Not many stores sell fresh produce, skincare made from beeswax, goat milk soap and turkeys all in one place. But the Bath Farmers Market does.
The outdoor farmers market came to a close and moved inside of the Bath Community Center on Nov. 7. Temperatures are dropping, but the indoor farmers market gives vendors an opportunity to continue providing for the community, even in inclement weather.
Katy Stone, co-owner of Laetus Pullus Farm in Perry, said she is happy to stick around a few more weeks to sell her chickens and eggs to the community.
“It’s nice that they do the indoor market to extend the season,” Stone said. “It’s been fun to come to the Bath Market and meet new people and share products with new customers.”
Laetus Pullus Farm is also temporarily offering fresh turkeys in preparation for Thanksgiving.
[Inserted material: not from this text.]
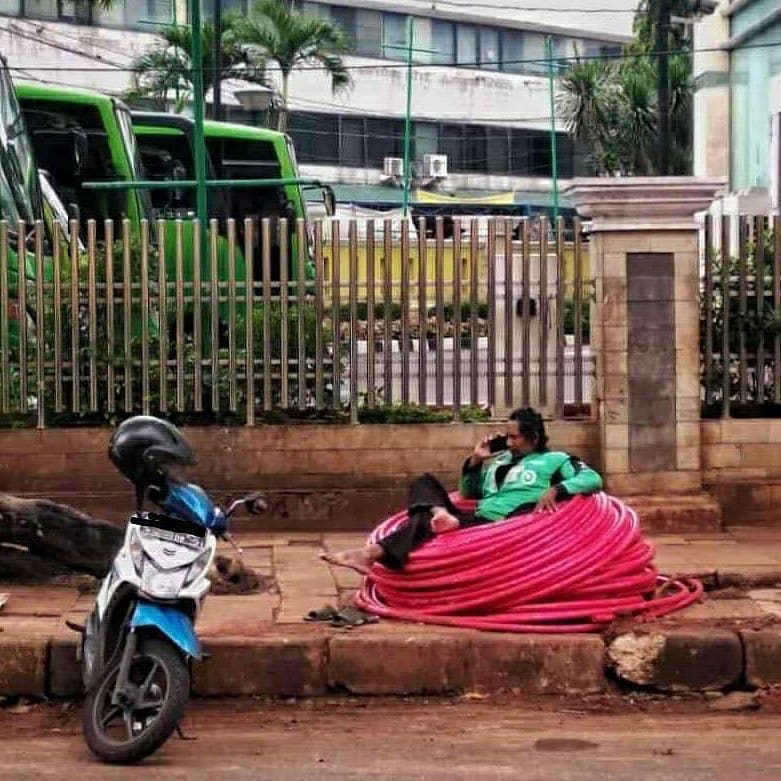 tingkah lucu asal nyaman posisinya © berbagai sumber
Stone said her meat is raised on pasture and with organic practices. She said that by raising her meat locally, it gives it a better taste.
“They’re out in the sun, eating bugs and aren’t confined,” she said. “It has a nice, moist, juicy flavor.”
Cathie Wood, founder of Vermillion Creek Honey Company, also said she uses organic practices for producing her products. She uses raw honey and beeswax to make natural skincare products.
“My daughter is the one who encouraged me to get into beekeeping,” Wood said. “They are fascinating creatures.”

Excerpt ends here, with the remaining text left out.